In the Resurrection and Ascension, Christ brings earth to heaven with Him and offers it to the Father.  The Chora Chapel in Istanbul houses an icon of the Anastasis of Christ.  In Greek “anastasis” means both “destruction” and “resurrection.”  Christ both tramples Satan underfoot and raises humanity to heaven.  Having broken down the gates of hell, He rescues Adam and Eve.  He comes not to abolish the law but to fulfill it, not to destroy nature but to perfect it.  The harrowing of hell shows Christ’s intentions in coming to earth: to join our nature to His own.  He descends from heaven to earth so that He may join earth to heaven.

The Anastasis

Images have the ability to instruct us in piety and devotion.  Thomas Aquinas “learned more at the foot of the crucifix than from books.”[8]  Thomas’ spirituality inspires love of God through whetting the appetite for the Beatific Vision.  He offers this prayer: “Give me, O Lord my God, that life without death and that joy without sorrow where there is the greatest freedom, unconfined security, secure tranquility, delightful happiness, happy eternity, eternal blessedness, the vision of truth, and praise, O God.”[9]  Through cultivating right desire he seeks to dispose the soul toward beatitude, the joy of contemplation.

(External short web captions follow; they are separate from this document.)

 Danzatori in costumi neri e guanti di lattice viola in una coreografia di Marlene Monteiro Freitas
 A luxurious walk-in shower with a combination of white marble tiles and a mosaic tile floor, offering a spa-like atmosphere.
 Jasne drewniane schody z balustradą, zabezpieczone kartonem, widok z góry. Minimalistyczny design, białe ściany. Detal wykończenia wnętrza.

Such a desire for heaven leads to love of neighbor on earth.  C. S. Lewis asserts, “Next to the Blessed Sacrament itself, your neighbor is the holiest object presented to your senses.”[10]  Our bodies exist for loving God and loving the image of God in our fellow man.  Charles Ryder grounds the proper outlook on life in sacrificial love when he claims that “to know and love another one other human being is the root of all wisdom.”[11]  Love of man participates in love of God because man bears His image.

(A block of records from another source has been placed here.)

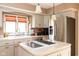 Well-equipped kitchen featuring stainless steel appliances, a central island with cooktop, and ample counter space at 3334 Eden Village Pl, Carmel, IN 46033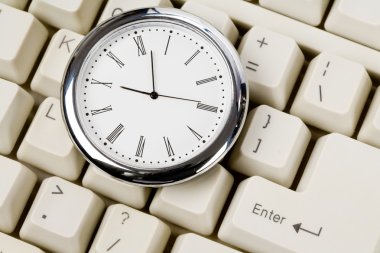 Clock and computer Keyboard clipart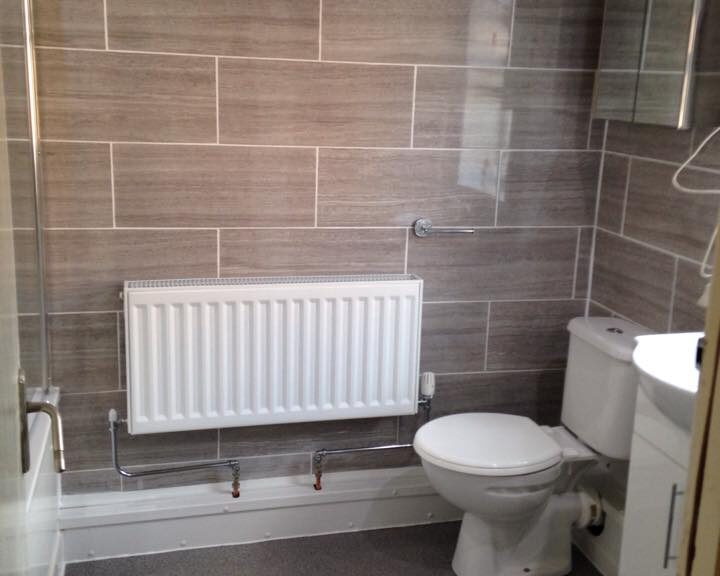 A modern bathroom with beige natural stone tiling, a white toilet, radiator, and gray flooring.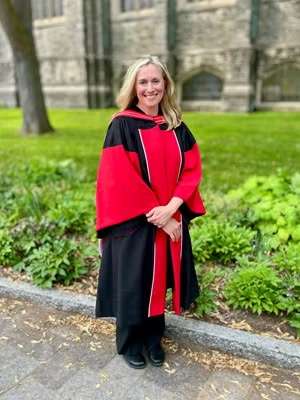 A person wearing a convocation gown and posing outdoors.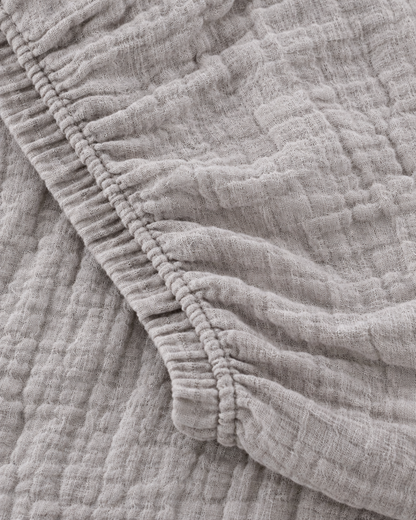 Close-up of elasticated corner and stitched edge of the fitted sheet in Warm Grey Cloud Cotton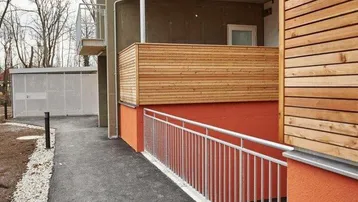 Moderner Eingangsbereich eines Neubaus mit barrierefreier Rampe und Holzverkleidung an den Balkonen.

In this world responsibility always accompanies love.  In Brideshead Revisited Sebastian finds the greatest happiness when he stops seeking pleasure and begins denying himself.  He reflects, “it’s rather a pleasant change when all your life you’ve had people looking after you, to have someone to look after yourself.”[12]  It is in giving that we receive, and whoever loses his life will save it.  The fox explains to The Little Prince, “if you tame me, we’ll need each other…You become responsible forever for what you have tamed.”[13]  To love another means to bear his burdens, share his joys, and participate in his life.

Only humility allows this kind of love while pride bars the way.  Father Zossima in The Brothers Karamazov exhorts each monk to a profound sense of responsibility: “when he knows that he is not only worse than all those in the world, but is also guilty before all people, on behalf of all and for all, for all human sins, the world’s and each person’s, only then will the goal of our unity be achieved.”[14]  When men see the image of God in each other, they will see Christ in ten thousand places.   And whatever they do unto the least of these His brethren, they do unto Him.

 

[1] Flannery O’Connor, “The Catholic Novelist in the Protestant South,” in Mystery and Manners: Occasional Prose, eds. Robert Fitzgerald and Sally Fitzgerald (New York: Farrar, Straus, and Giroux, 1969), 209.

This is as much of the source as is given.